Pictures do not belong in the copy. Write out exactly the lines from the one containing "this 400×600 image." through the end of the data.

- - - -

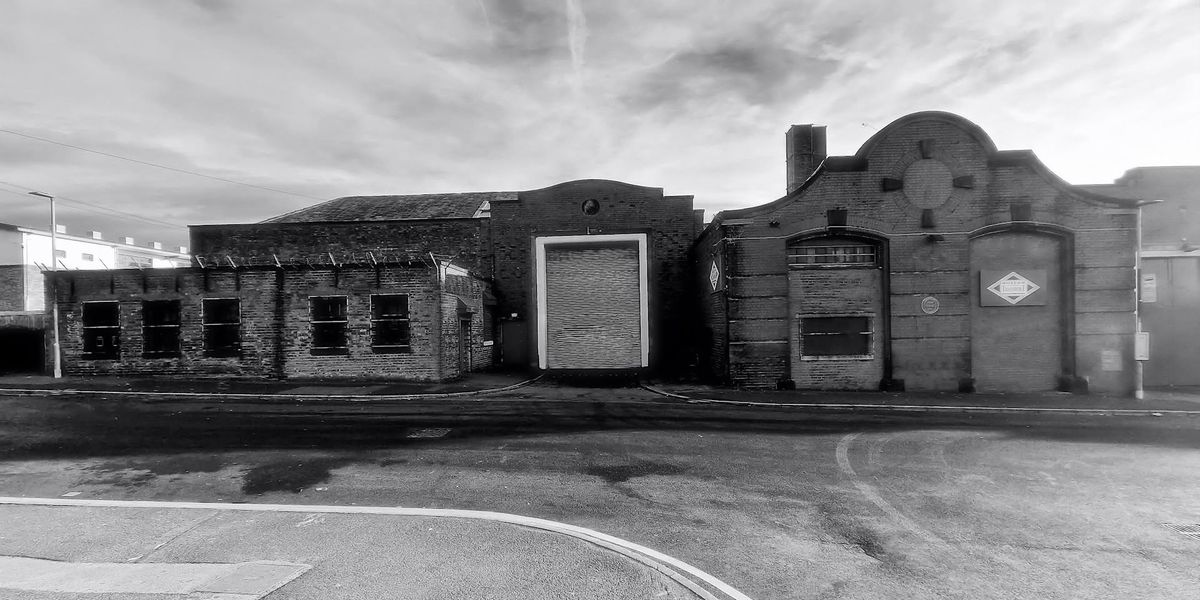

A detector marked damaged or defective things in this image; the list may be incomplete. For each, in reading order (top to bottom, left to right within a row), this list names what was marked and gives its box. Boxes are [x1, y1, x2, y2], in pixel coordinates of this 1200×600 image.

cracked asphalt [2, 386, 1200, 596]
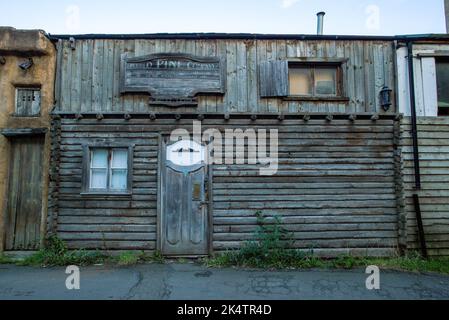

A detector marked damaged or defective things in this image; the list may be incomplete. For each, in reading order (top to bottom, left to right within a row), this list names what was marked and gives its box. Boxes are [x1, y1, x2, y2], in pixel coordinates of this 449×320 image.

cracked pavement [0, 262, 448, 300]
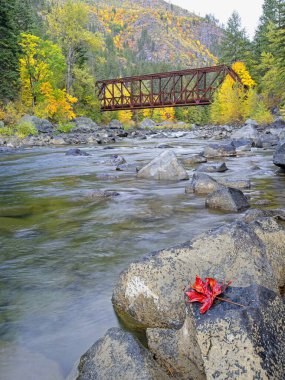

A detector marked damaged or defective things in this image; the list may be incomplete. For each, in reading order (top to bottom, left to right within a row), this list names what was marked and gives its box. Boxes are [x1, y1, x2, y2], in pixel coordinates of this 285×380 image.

rusty iron bridge [95, 63, 240, 111]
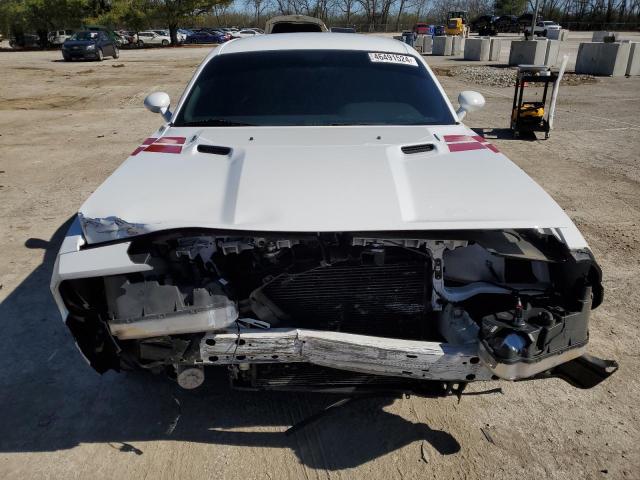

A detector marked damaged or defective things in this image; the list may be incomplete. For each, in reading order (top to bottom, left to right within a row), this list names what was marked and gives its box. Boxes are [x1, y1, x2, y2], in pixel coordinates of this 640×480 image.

damaged front end [52, 221, 616, 394]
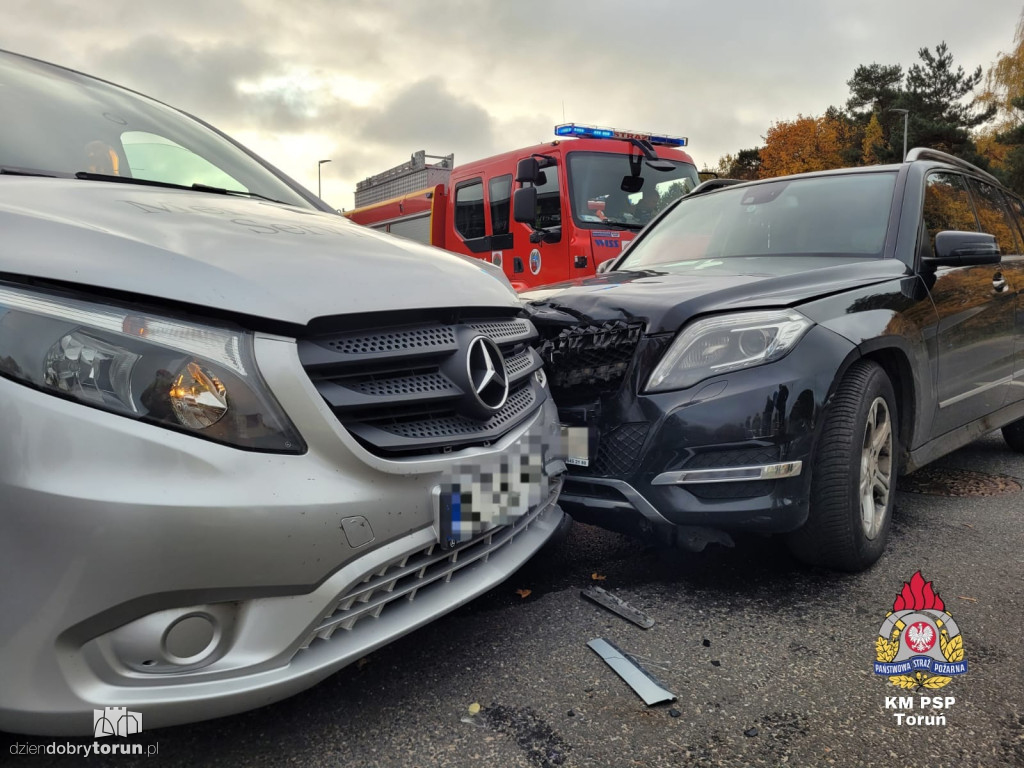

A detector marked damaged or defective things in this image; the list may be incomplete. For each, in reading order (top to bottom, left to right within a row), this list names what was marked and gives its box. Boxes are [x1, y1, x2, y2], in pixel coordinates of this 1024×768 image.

damaged hood [2, 179, 520, 324]
damaged hood [524, 256, 908, 334]
broken plastic debris [580, 588, 652, 632]
broken plastic debris [588, 636, 676, 708]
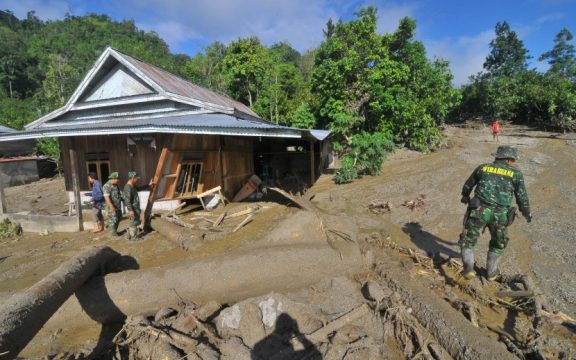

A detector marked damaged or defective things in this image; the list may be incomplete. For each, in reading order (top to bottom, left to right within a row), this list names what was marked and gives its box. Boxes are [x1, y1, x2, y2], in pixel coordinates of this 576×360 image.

damaged wooden house [0, 48, 330, 222]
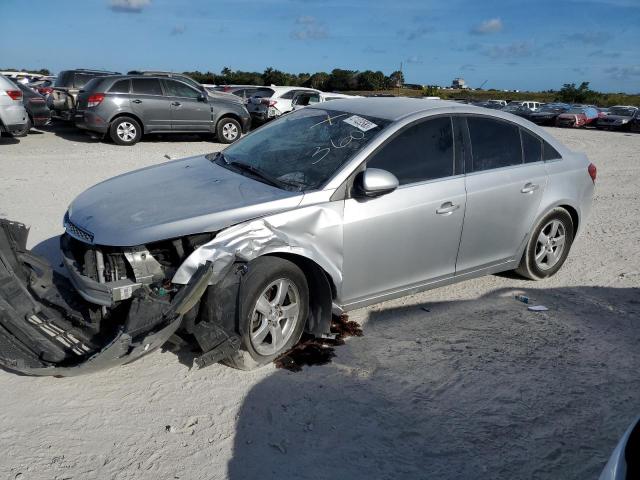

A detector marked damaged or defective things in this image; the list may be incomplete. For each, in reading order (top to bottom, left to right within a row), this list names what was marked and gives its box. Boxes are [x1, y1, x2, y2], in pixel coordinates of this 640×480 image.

damaged front end of car [0, 219, 221, 376]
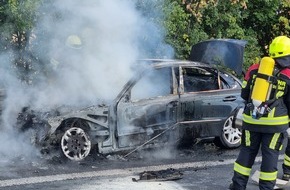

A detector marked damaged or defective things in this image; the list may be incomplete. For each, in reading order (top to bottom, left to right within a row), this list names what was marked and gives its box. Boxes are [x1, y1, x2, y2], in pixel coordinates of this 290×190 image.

destroyed hood [189, 38, 248, 75]
burned tire [59, 120, 90, 160]
burned tire [214, 115, 241, 149]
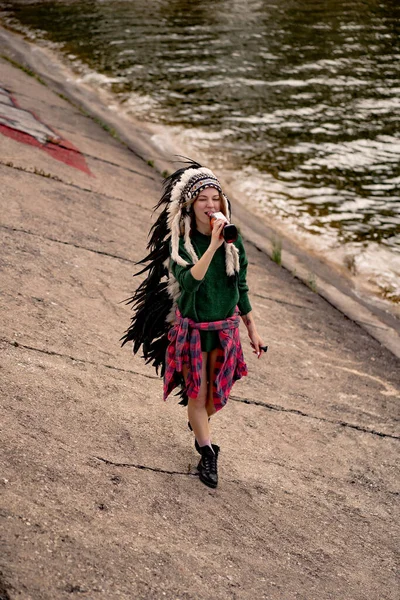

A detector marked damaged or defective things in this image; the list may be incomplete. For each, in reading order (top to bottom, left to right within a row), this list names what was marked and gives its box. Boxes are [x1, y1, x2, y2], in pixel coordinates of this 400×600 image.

crack in concrete [0, 223, 137, 262]
crack in concrete [2, 340, 160, 382]
crack in concrete [3, 340, 396, 442]
crack in concrete [230, 394, 398, 440]
crack in concrete [94, 454, 197, 478]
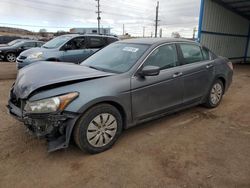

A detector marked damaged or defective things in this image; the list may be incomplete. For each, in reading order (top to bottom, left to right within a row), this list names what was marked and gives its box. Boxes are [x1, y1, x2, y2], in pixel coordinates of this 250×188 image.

damaged front end [7, 88, 80, 153]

- - - -

Answer area:
A detector marked damaged or defective things in this image; the list may be incomplete. For each, in reading order (top to bottom, left to right within a row), this list names what was marked and gives its box. Boxes are [x1, y1, x2, y2], in pixel coordinates of this 400×600 image.

crack in concrete [0, 223, 137, 262]
crack in concrete [2, 340, 160, 382]
crack in concrete [3, 340, 396, 442]
crack in concrete [230, 394, 398, 440]
crack in concrete [94, 454, 197, 478]

A detector marked damaged or defective things in this image; the list may be incomplete. For each, in reading order (top to bottom, left to right within a row), this list names what was marked and gives its box. Boxes are [x1, y1, x2, y2], in pixel coordinates of this 250×188 image.

damaged front end [7, 88, 80, 153]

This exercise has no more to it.